* [What you are asked to do]:
What must be written out is each line from the one holding "25 40ml/1.4oz Clinique" through the end of the records, word for word, minus any pictures.

Entries taken from a collection:
◇ ◇ ◇
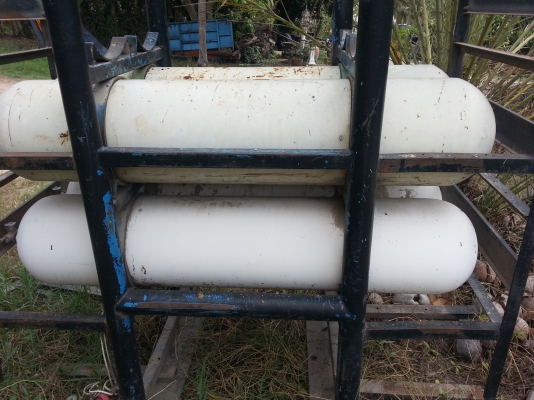 ขายถังแก๊ส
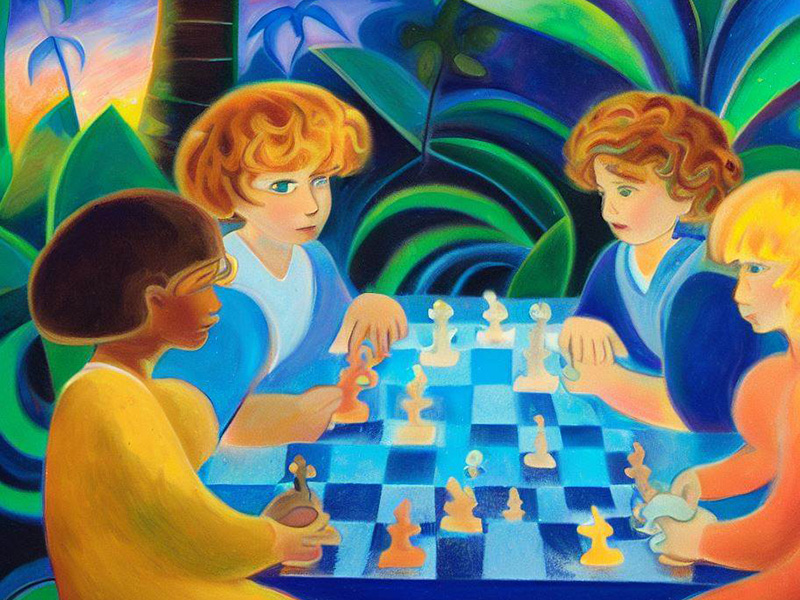 Discriminazione: bambini stranieri esclusi dal torneo regionale di scacchi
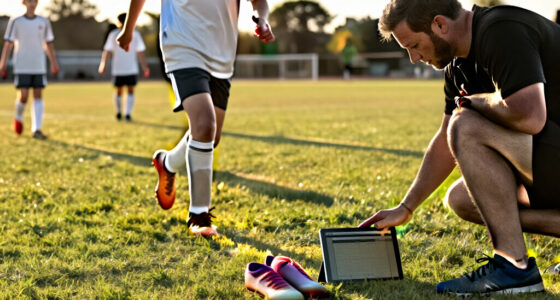 How Pro Benchmarks Inform Youth Sports Training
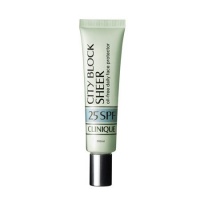 Clinique City Block Sheer Oil-Free Daily Face Protector SPF 25 40ml/1.4oz Clinique City Block Sheer Oil-Free Daily Face Protector SPF 25 40ml/1.4oz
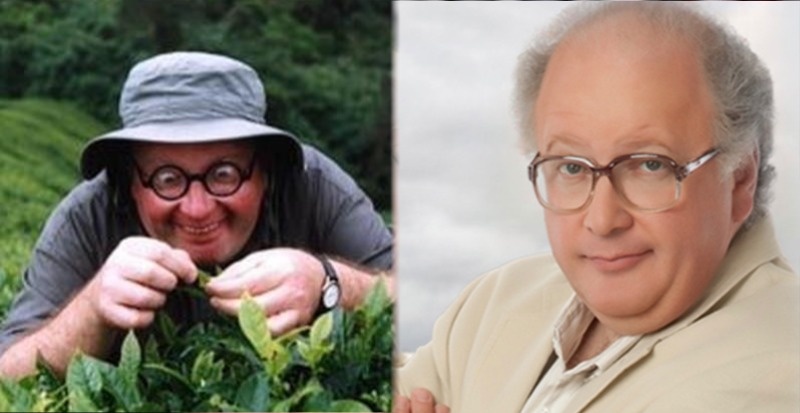 Павел Любимцев в шоу и в жизни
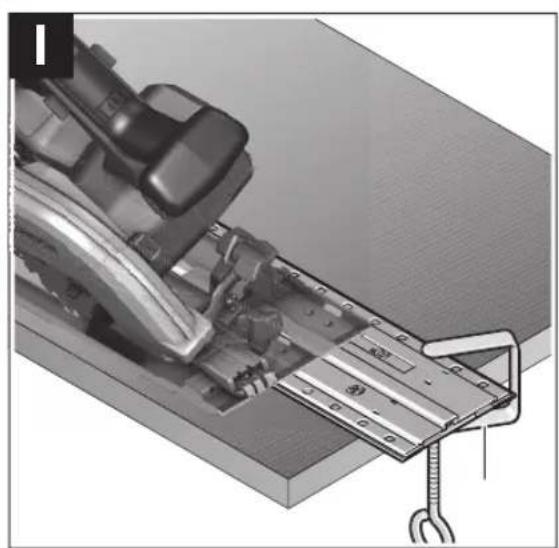 BOSCH UniversalCirc 18V-53 - 8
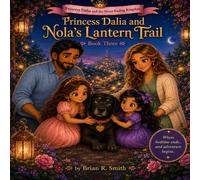 Princess Dalia and the Never-Ending Kingdom: Princess Dalia and Nola’s Lantern Trail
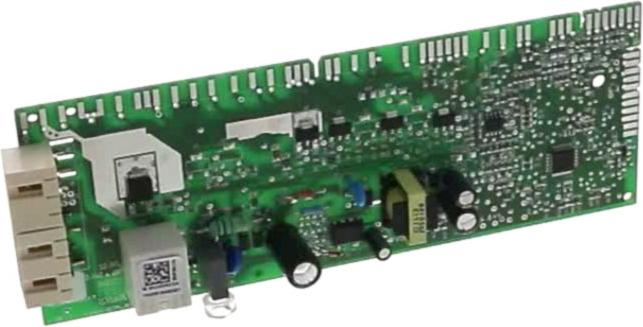 PLATINE Lave-Vaisselle PUISSANCE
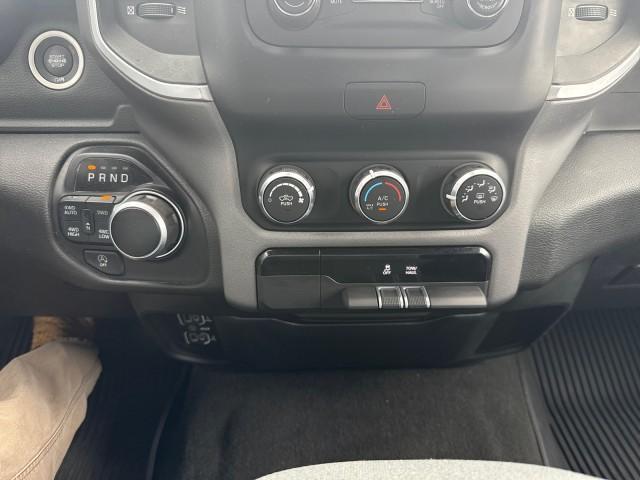 used 2022 Ram 1500 car, priced at $33,582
◇ ◇ ◇
* [Result]:
 Clinique City Block Sheer Oil-Free Daily Face Protector SPF 25 40ml/1.4oz Clinique City Block Sheer Oil-Free Daily Face Protector SPF 25 40ml/1.4oz
 Павел Любимцев в шоу и в жизни
 BOSCH UniversalCirc 18V-53 - 8
 Princess Dalia and the Never-Ending Kingdom: Princess Dalia and Nola’s Lantern Trail
 PLATINE Lave-Vaisselle PUISSANCE
 used 2022 Ram 1500 car, priced at $33,582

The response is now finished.